Ape e Quota 41 si sono fatte attendere, perché da molti mesi il Governo doveva approntare i decreti attuativi delle due novità previdenziali. Dalla Legge di Stabilità in vigore dal 1° gennaio, i decreti erano attesi per inizio marzo, nei canonici 60 giorni dalla pubblicazione della manovra finanziaria. Emendamenti e proposte di correggere le misure, sono state molteplici ma nel testo dei decreti, almeno secondo l’anteprima, non risultano esserci modifiche sostanziali ed i punti più contestati delle misure, restano gli stessi. Le due misure prevedono entrambe, tra i loro possibili beneficiari, soggetti disoccupati e tutte e due, disoccupati della stessa specie.
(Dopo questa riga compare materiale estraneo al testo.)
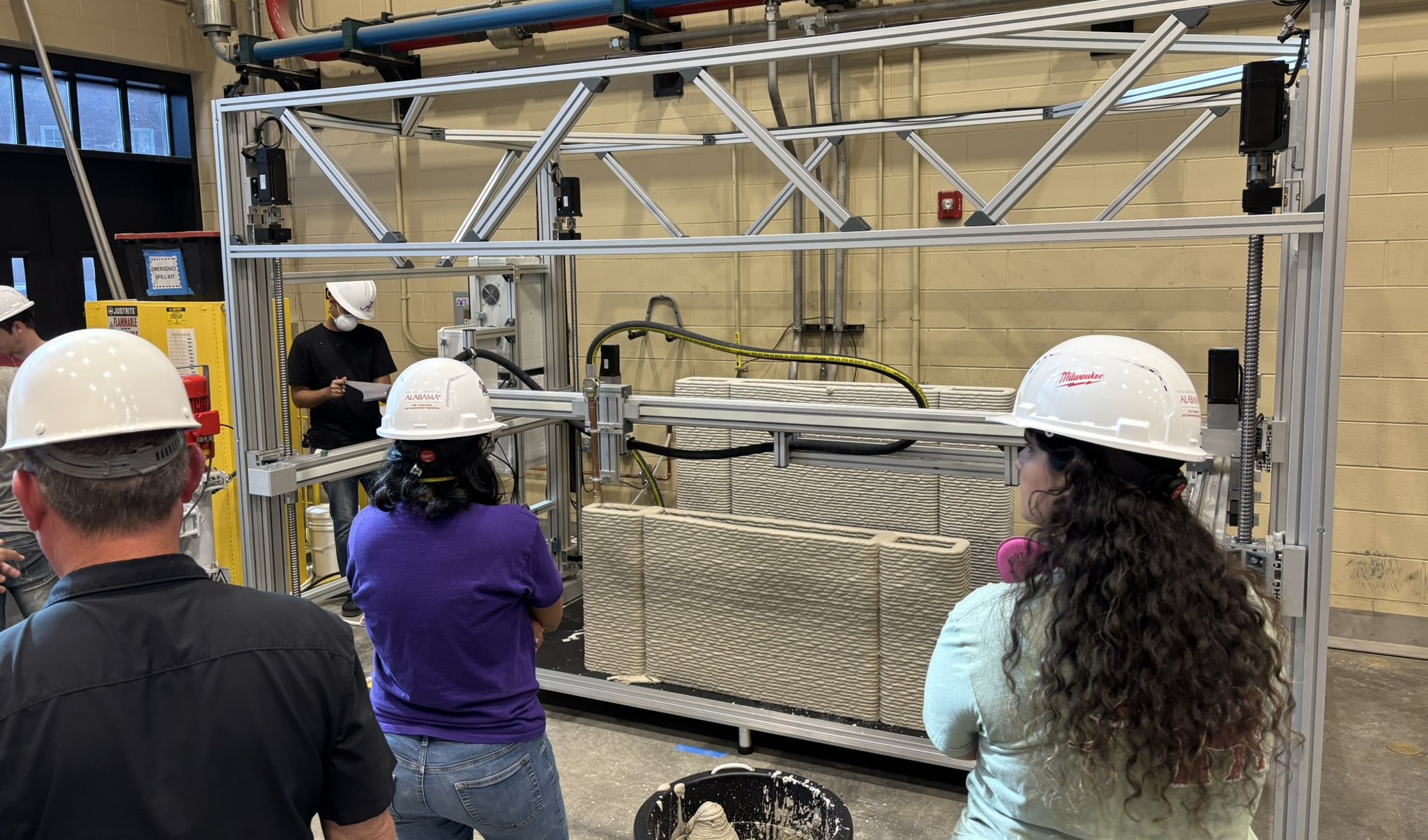 University students in hard hats watching the Build Additive gantry print a wall in a lab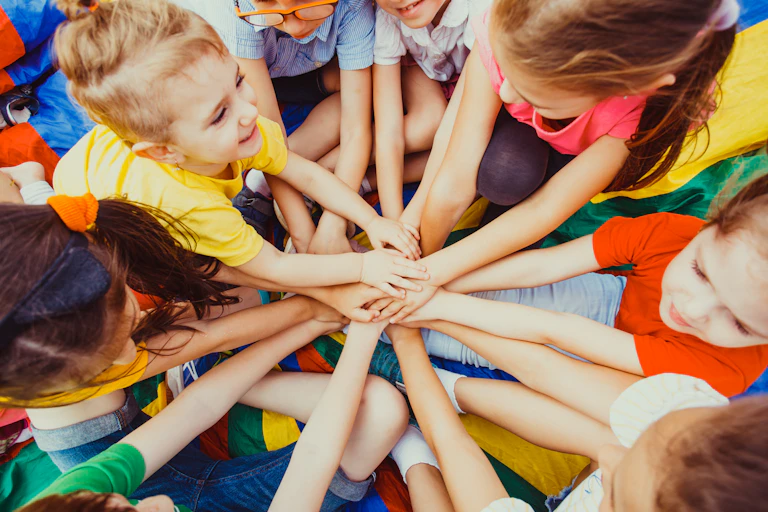 Un groupe d'enfants et vu de haut, avec un gros plan sur leurs mains qui se rejoignent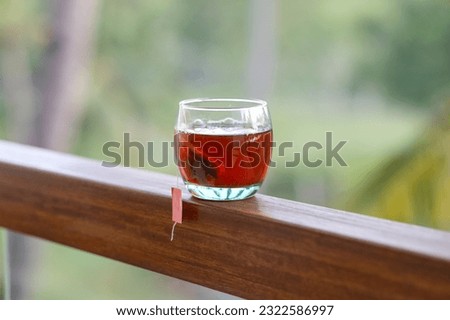 Tea bag in cup.  A cup of tea on the balcony railing in the heat.  Cup of tea in summer with garden background.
L’insieme dei paletti che costituiscono le misure però, appaiono discriminatori per alcuni soggetti, perché non consentiranno a molti disoccupati, l’accesso alle due vie anticipate.

Gli anticipi per disoccupati

Sia Ape sociale che quota 41, pur essendo misure inserite in un contesto previdenziale, parlando di pensioni, hanno una forte componente assistenziale. Infatti, le misure di pensione anticipata, sia per precoci che per l’Ape sociale, resta appannaggio di soggetti disagiati lavorativi, come lo sono i lavori gravosi, disagiati di salute, come gli invalidi o quelli con invalidi a carico e disagiati reddituali, come lo sono i disoccupati. Proprio questi rappresentano la categoria forse più interessata dalle proposte di correttivi pervenute nei vari passaggi parlamentari e che non hanno trovato posto nei decreti.

Sia Ape social che quota 41 sono possibilità che saranno a vantaggio di disoccupati in determinate condizioni. Prima di tutto, per l’Ape, bisogna raggiungere i 63 anni di età ed almeno 30 anni di contributi versati. Per quota 41 invece, nessun vincolo anagrafico, ma dei 41 zanni di contributi da completare, serve che almeno uno di essi, deve essere stato versato prima di compiere i 19 anni di età.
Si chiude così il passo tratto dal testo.